Autoencoder on Theano

I am using the standard packages numpy, theano and matplotlib. I have compiled the theano with gpu support.

In [1]:
import numpy as np
import theano
import theano.tensor as T
import matplotlib.pyplot as plt
%matplotlib inline
Using gpu device 0: GeForce GT 750M (CNMeM is disabled, cuDNN 5005)

Building block of the neural network is class Layer that contains matrix of input weights W and input biases b.

In [2]:
class Layer(object):
    def __init__(self, W_init, b_init, activation):
        n_output, n_input = W_init.shape
        assert b_init.shape == (n_output,)

        self.W = theano.shared(value = W_init.astype(theano.config.floatX),
                               name = 'W',
                               borrow = True)

        self.b = theano.shared(value = b_init.reshape(n_output, 1).astype(theano.config.floatX),
                               name = 'b',
                               borrow = True,
                               broadcastable = (False, True))

        self.activation = activation

        self.params = [self.W, self.b]

    def output(self, x):
        lin_output = T.dot(self.W, x) + self.b
        return (lin_output if self.activation is None else self.activation(lin_output))

The following class AutoEncoder combines all objects of class Layer.

In [3]:
class AutoEncoder(object):
    def __init__(self, W_init, b_init, activations):
        assert len(W_init) == len(b_init) == len(activations)
        
        self.layers = []
        for W, b, activation in zip(W_init, b_init, activations):
            self.layers.append(Layer(W, b, activation))

        self.params = []
        for layer in self.layers:
            self.params += layer.params

    def output(self, x):
        for layer in self.layers:
            x = layer.output(x)
        return x

    def layer_output(self, x):
        for layer in self.layers[0:3]:
            x = layer.output(x)
        return x

    def squared_error(self, x):
        return T.sum((self.output(x) - x)**2)

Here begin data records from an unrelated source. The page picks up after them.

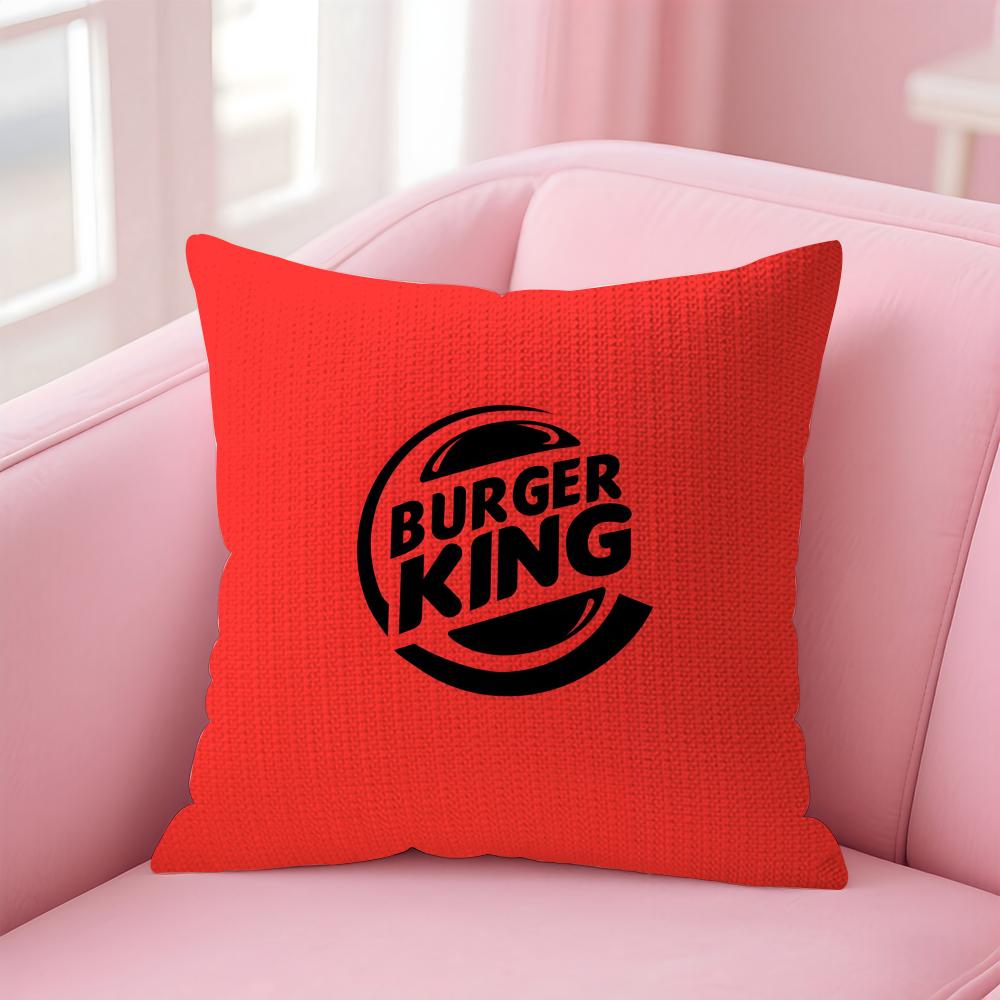 

HHun BurgeRr King Brand Cushion Cover Natural Linen Pillow Case DoubleSided Print Decorative Sofa Pillowcase Home Decor Gift 30x30cm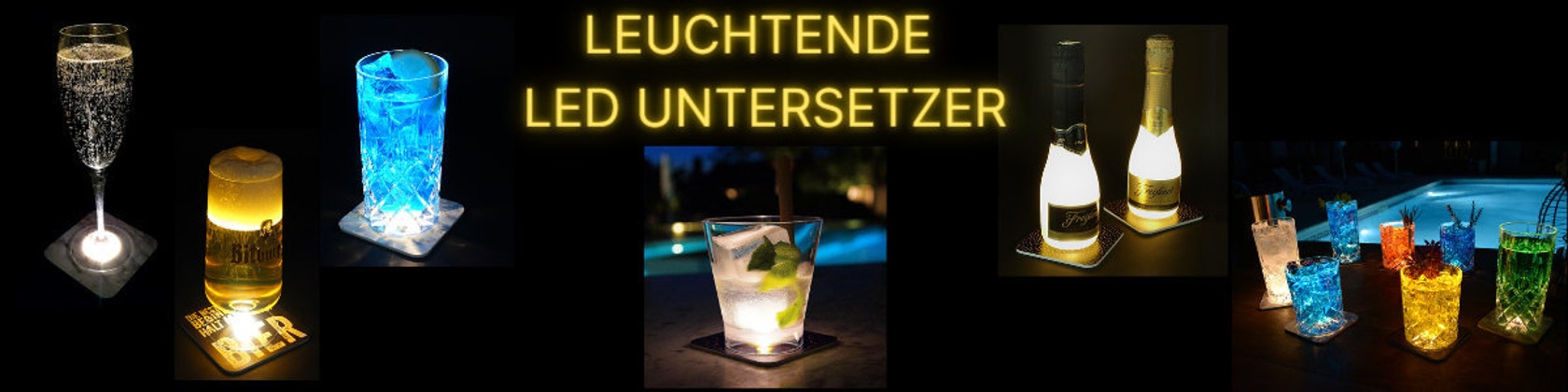 INTERLUXE leuchtender LED Untersetzer You are the gin to my tonic
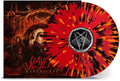 the album cover for Slayer - Repentless [Transparent Red W/ Orange & Black LP]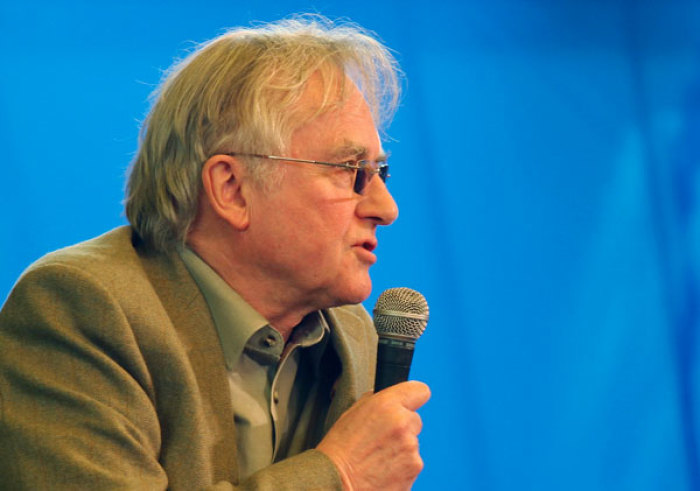 British author Richard Dawkins speaks at the annual Literature Festival in Jaipur, capital of India's desert state of Rajasthan on Jan. 24, 2012.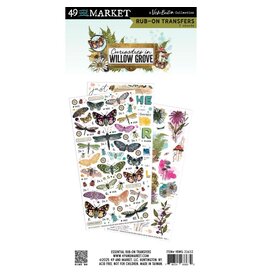 49 AND MARKET 49 AND MARKET CURIOSITIES IN WILLOW GROVE ESSENTIAL 6x12 RUB-ON TRANSFER SET 3/PK
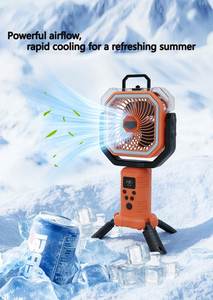 Ventilador Portátil Plegable de Mano con Humidificador, Batería de 20000 mAh, 4 Velocidades, para Acampar al Aire Libre - Product Image 4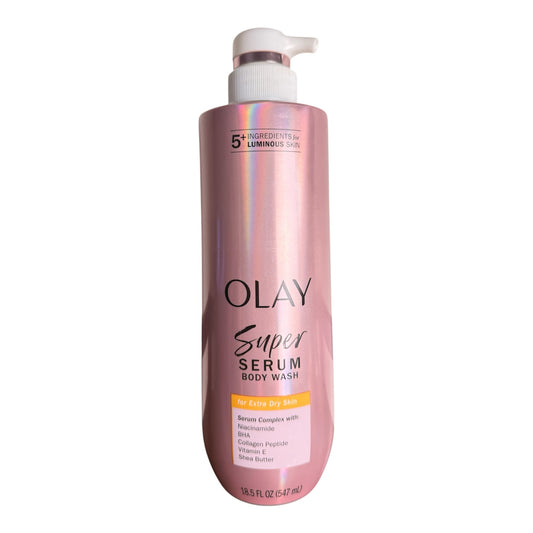 Olay Super Serum Body Wash For Extra Dry Skin Brand New 547ml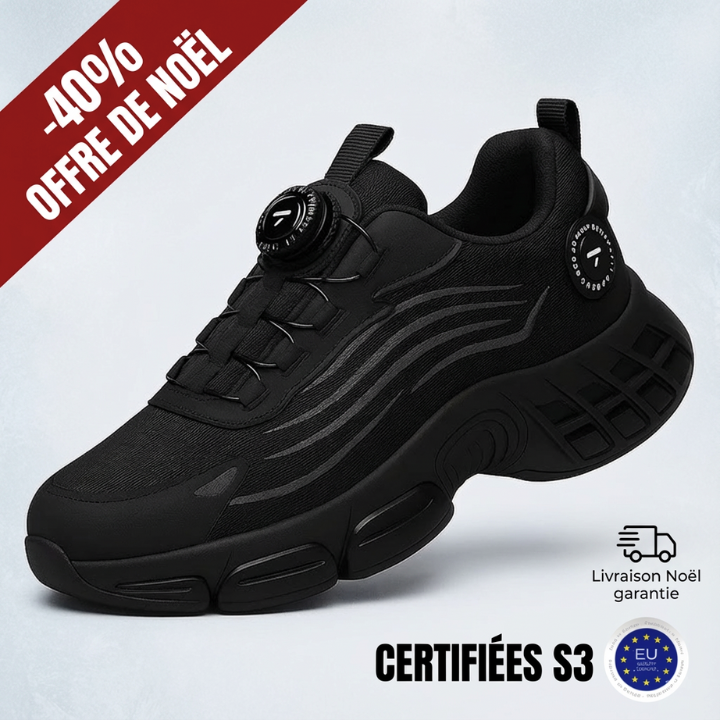 TECKRS™ MAX ONE S3 : Sécurité & Confort 12h Non-Stop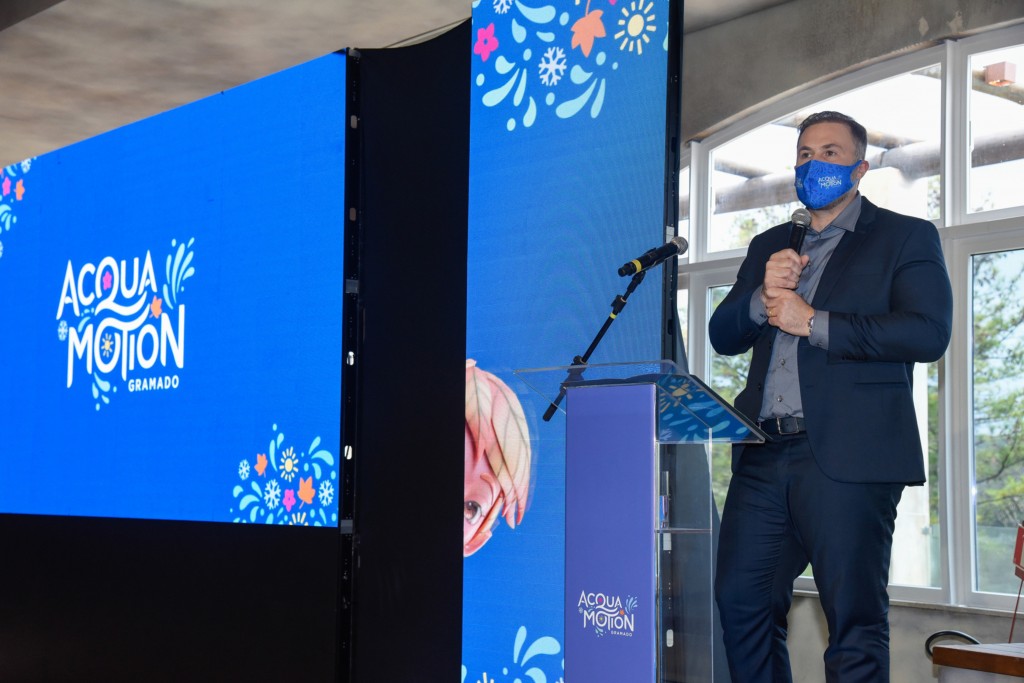 Gramado Parks inaugura parque aquático indoor com águas termais; veja fotos O presidente da Gramado Parks, A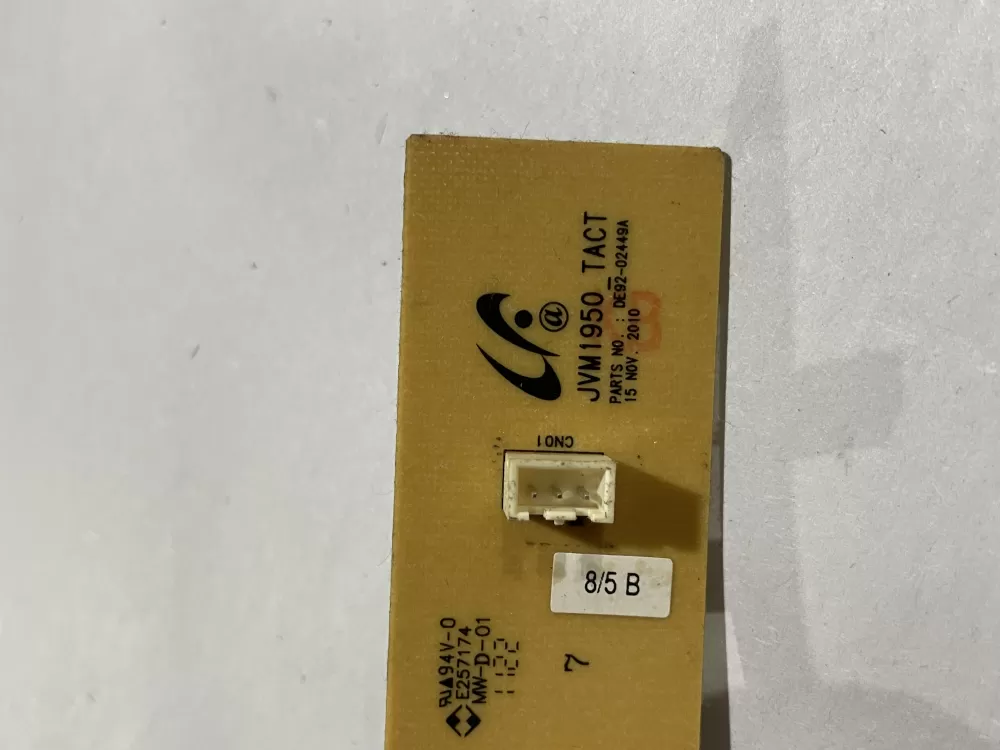 Samsung 02449A Wb23x10022 Microwave Control Board Pcb Switch AZ186752 | Wm2682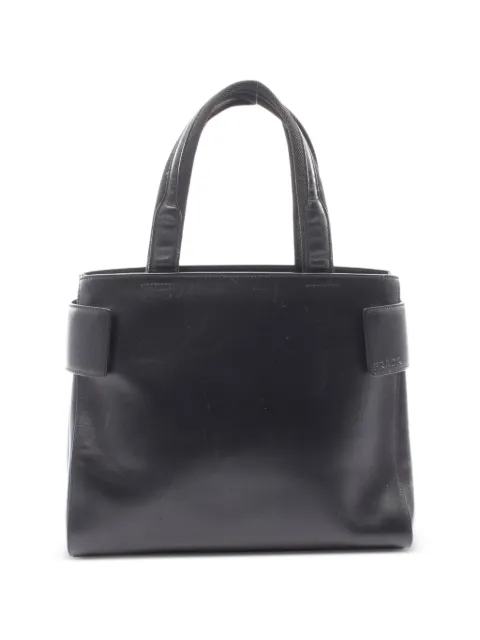 Prada Pre-Owned tote con logo en relieve 2000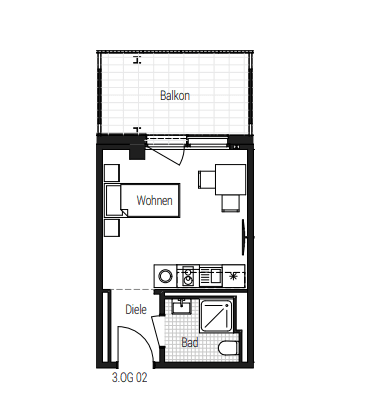 Pronájem bytu 1+1 25 m², Steinbühler Straße 4-6, Nürnberg, Bavorsko Pronájem bytu 1+1 25 m², Steinbühler Straße 4-6, Nürnberg, Bavorsko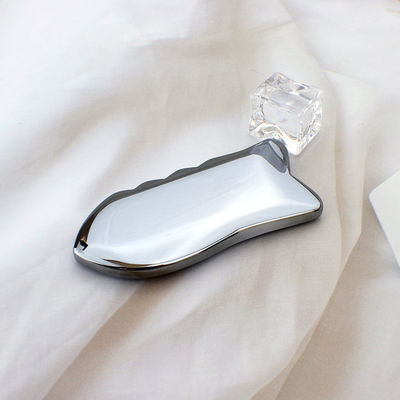 Terahertz Gua Sha Scraping Massaggio Strumento con pietra di energia e massaggio punto di agopuntura 91 * 37mm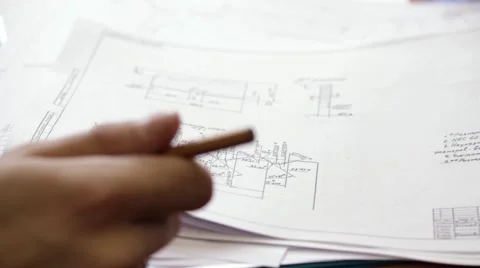 Discussion Of The Details Of The Drawing Stock Footage 62761602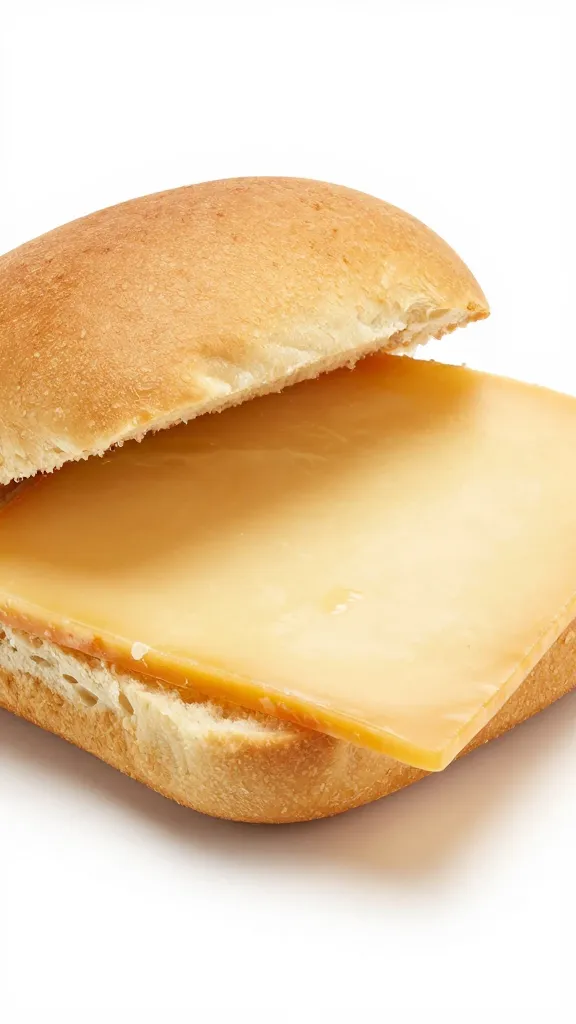 single slice of provolone folded on warm slider bun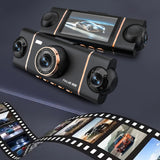 4-Channel Dash Cam with Built-in WiFi App Control and 64GB Memory Card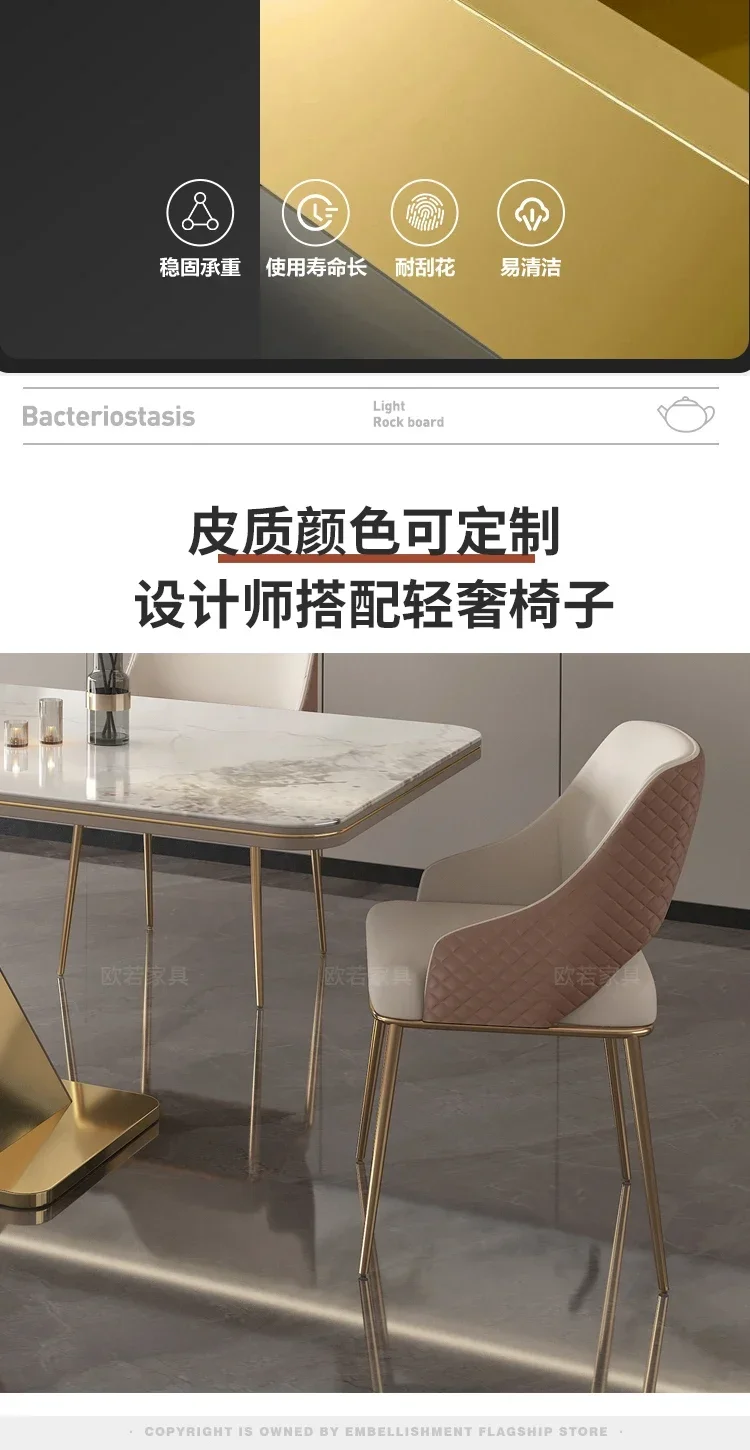 Luxury Restaurant Dining Table Gold Legs Stainless Steel Waterproof Storage Bar Lslands Tea Muebles De Cocina Kitchen Furniture
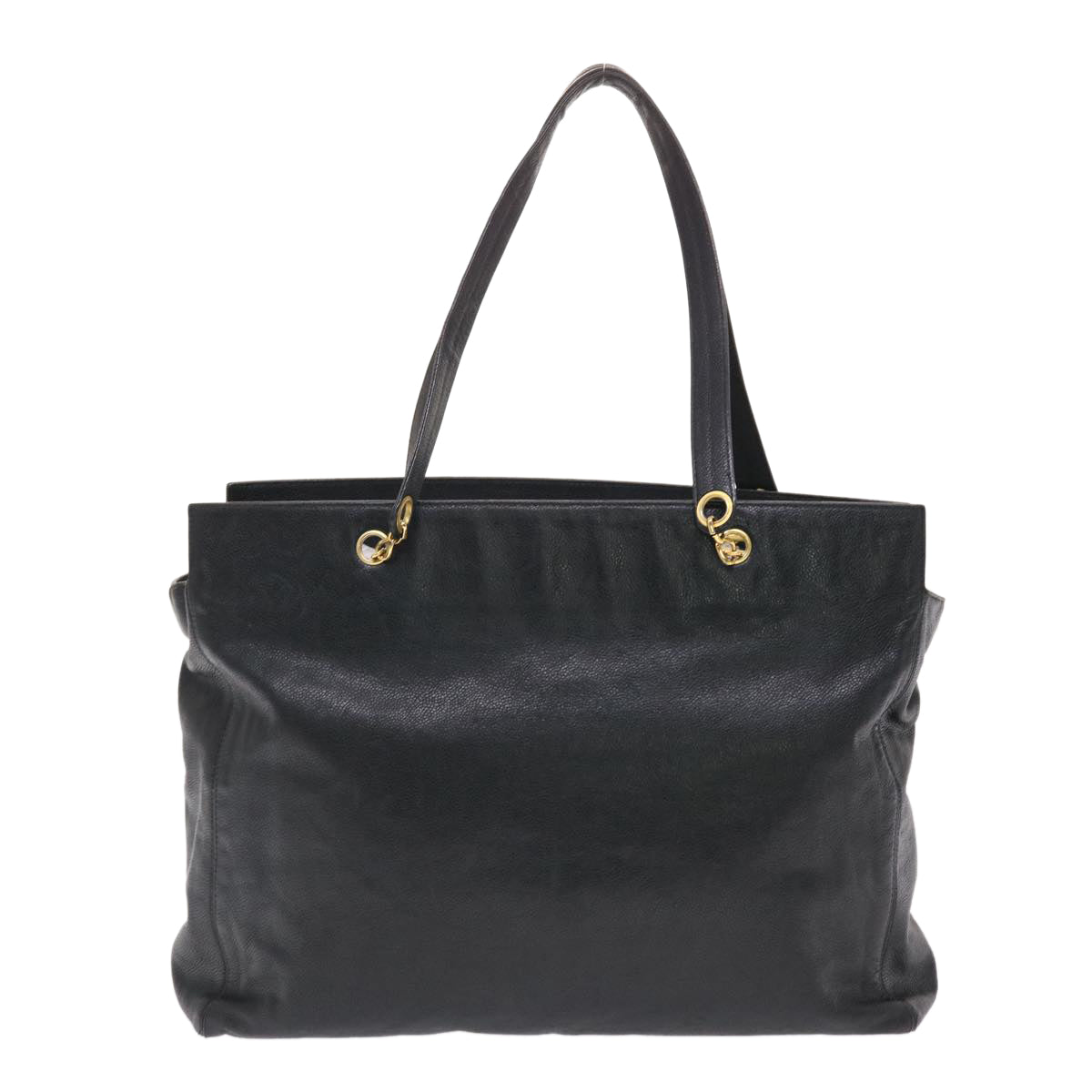 CHANEL COCO Mark Shoulder Bag Caviar Skin Black CC  bs6929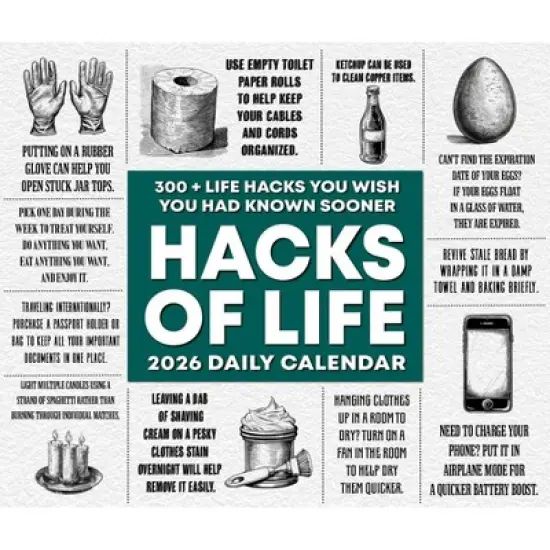 Willow Creek Press 2026 Hacks of Life Box Calendar image {4}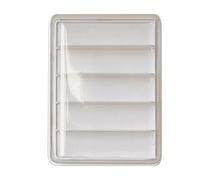 Présentoir de figurine - Boîte acrylique transparente, vitrine modèle d'action, organisateur de rangement de collection, support d'exposition de bureau | Présentoir transparent avec design empilable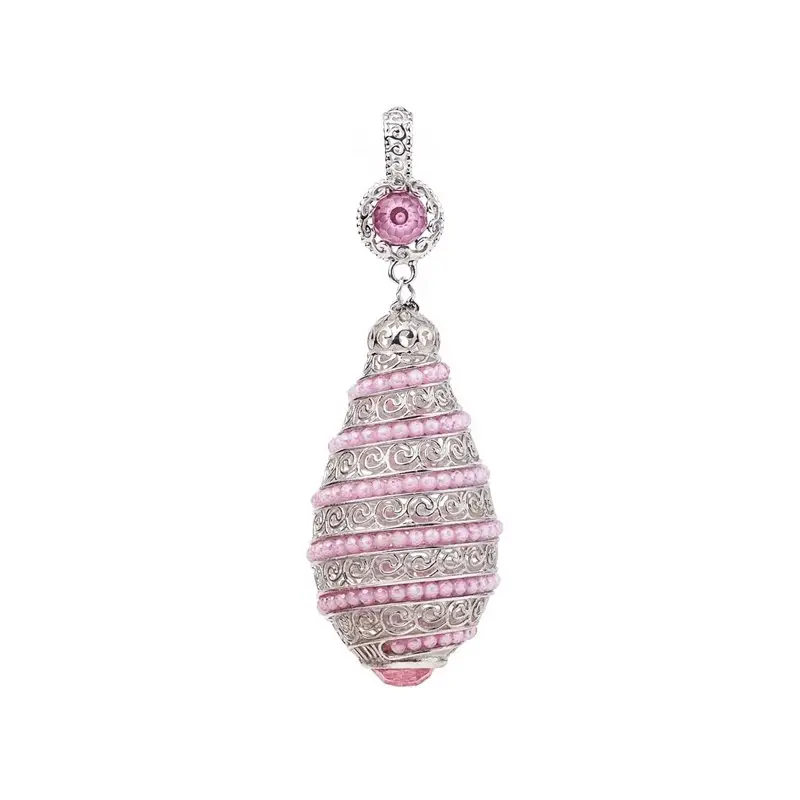 Ciondolo A Forma Di Fuso Con Pietre Colorate - Gerardo Sacco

The optimization function gradient_descent_momentum could be added to the class AutoEncoder, but I have decided to add it separately.

In [4]:
def gradient_descent_momentum(cost, params, learning_rate, momentum):
    assert momentum >= 0 and momentum <= 1
    updates = []
    for param in params:
        param_update = theano.shared(param.get_value()*0., 
                                     broadcastable = param.broadcastable)
        updates.append((param, param - learning_rate*param_update))
        updates.append((param_update, momentum*param_update + (1. - momentum)*T.grad(cost, param)))
    return updates

The main code starts here. First, I create the toy dataset:

In [5]:
np.random.seed(0)
N = 1000
X = np.random.rand(N)
X = np.vstack((X, -1.0*np.sqrt(0.25 - (X - 0.5)**2) + 0.5  + 0.05*np.random.randn(N))).astype(theano.config.floatX)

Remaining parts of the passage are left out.